Dr Tax said the prevailing sanctions also restricted Zimbabwe’s ability to access multilateral financing while also limiting business dealings with US companies.

She said the cancellation of business ties with US-based and US linked firms and companies had negatively impacted the manufacturing sector, as the sourcing of industrial technologies and supplies was disrupted, including loss of supply and market contracts.

“Since 2001, International Financing Institutions such as the World Bank, International Monetary Fund and the African Development Bank are barred from extending financial support to Zimbabwe and have instituted a number of suspensions on balance of payments and technical assistance support, including declaring Zimbabwe as ineligible to access fund resources. Despite the accumulation of arrears on the part of Zimbabwe, the IFIs have deliberately avoided to enroll Zimbabwe on special recovery programmes (like other countries in similar circumstances). The suspension of multilateral financing support is more linked to sanctions than failure by Zimbabwe to honour loan servicing obligations,” she said.

In the aviation industry, she said, most European Airlines exited the Zimbabwean market as a direct result of sanctions, affecting not only the aviation industry, but also the tourism sector which is further constrained by the bad publicity and negative travel advice given to tourists as part of the calculated sanctions against Zimbabwe.

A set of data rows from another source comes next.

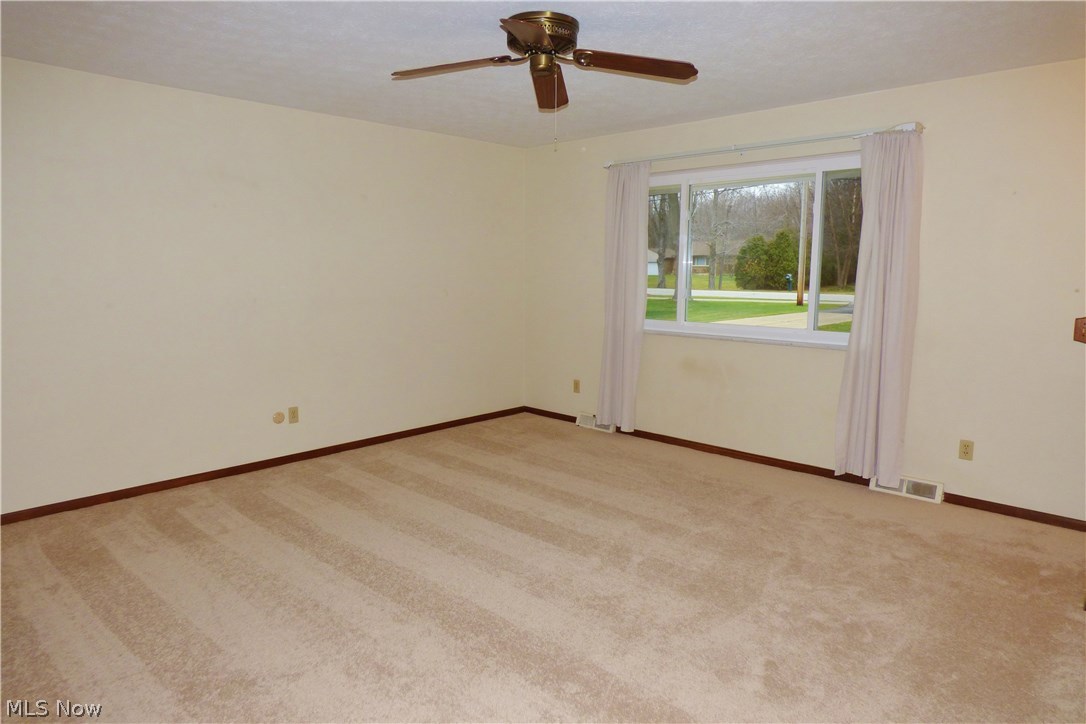 31280 Miles Road Solon, OH 44139 - Photo 6 of 29 The large Living Room with new carpet, newer replacement windows and ceiling fan. This room is open to the Dining Room as well.
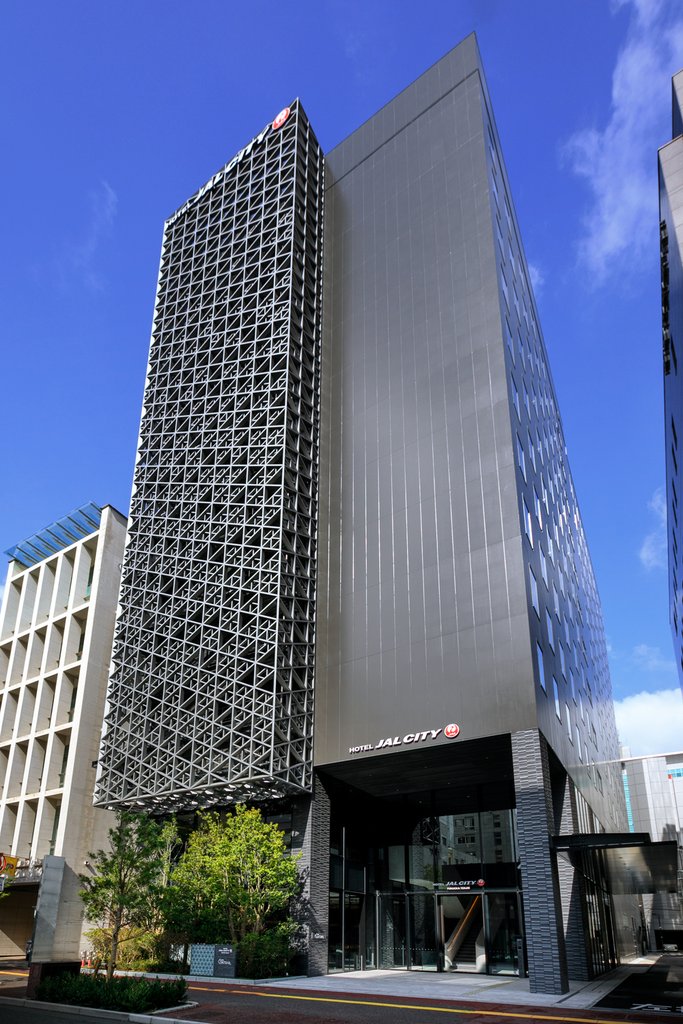 Hotel JAL City Fukuoka Tenjin, a sleek high-rise with a modern lattice facade and clean vertical lines under a clear blue sky.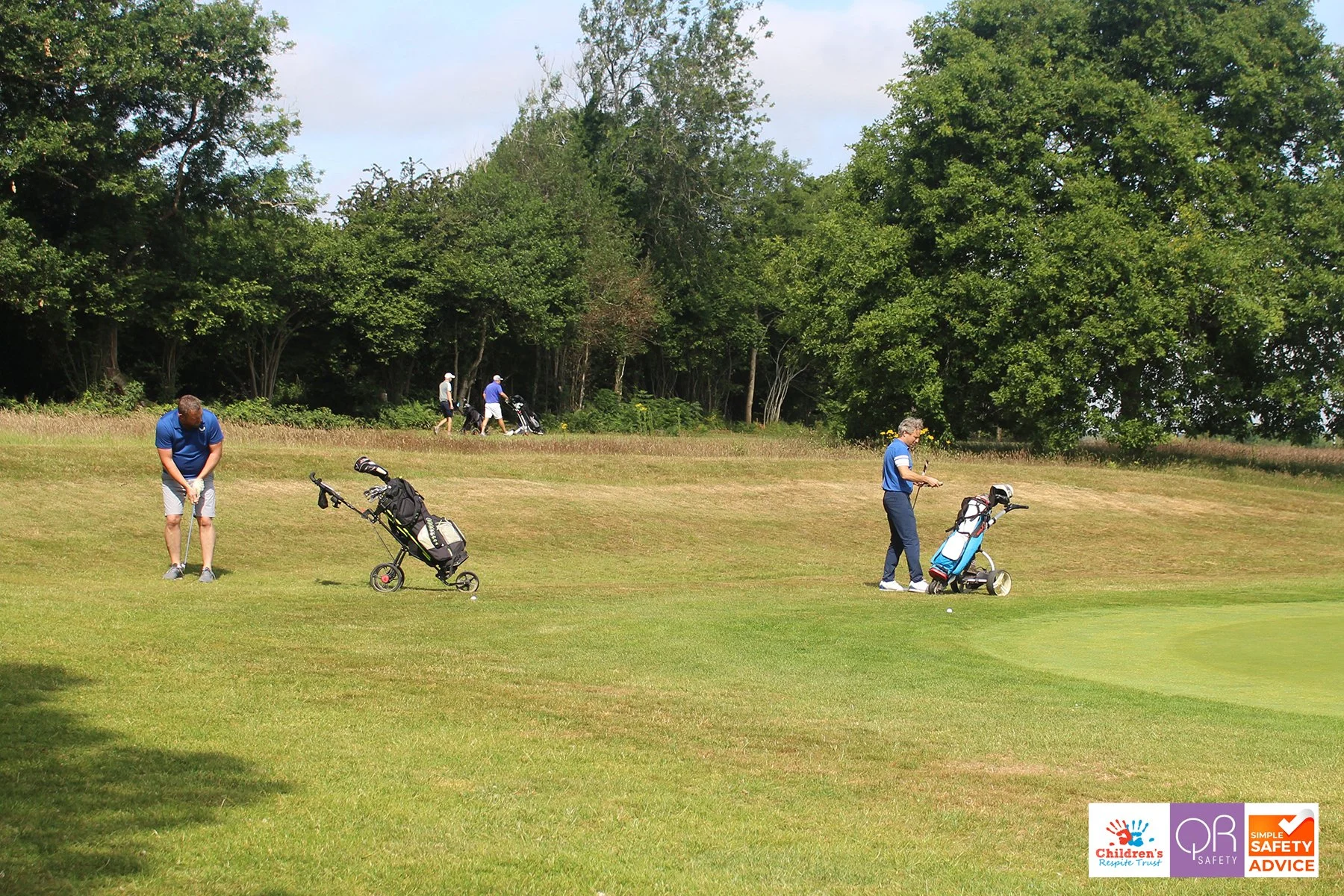 Golfers lining up on a grassy golf course with golf bags on pushcarts, surrounded by trees and a partly cloudy sky.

“It is evident that the strategic sectors of the Zimbabwean economy are constrained by the imposition of the sanctions (targeted or not targeted) as they are a barrier to innovation, growth, profitability and investment. Sustained sanctions will imply continued lack of access to multilateral financing and therefore no prospects for economic resuscitation. Instead, the economy will continue to grapple with public debt, inflation, unemployment, low FDI stock and limited supply of goods and services, with negative and devastating impacts on the lives of ordinary Zimbabweans.”

Dr Tax said the removal of all forms of sanctions against Zimbabwe would pave way for its socio-economic transformation and economic development as they have had serious ramifications on economic growth and therefore on the livelihoods and social well-being of ordinary Zimbabweans.

She said the removal of the illegal embargo would benefit the SADC region as well while enhancing cooperation of SADC with the European Union (EU) and the United States of America (USA).

“The implosion of the Zimbabwean economy has added a burden to the social services of neighbouring countries due to mass emigration. The lack of financial support for infrastructure development has led to the dilapidation of critical rail and road networks in Zimbabwe, which were traditionally utilised by neighbouring countries as transit networks in support of regional trade.

“Regional economic integration targets such as SADC macroeconomic convergence have been retarded as Zimbabwe has failed to meet some of its targets owing to the adverse effects of the sanctions. Sanctions have reduced Zimbabwe’s capacity to take part in regional programmes that are supported by International Cooperating Partners, thus impacting negatively on SADC development and integration agenda,” she said.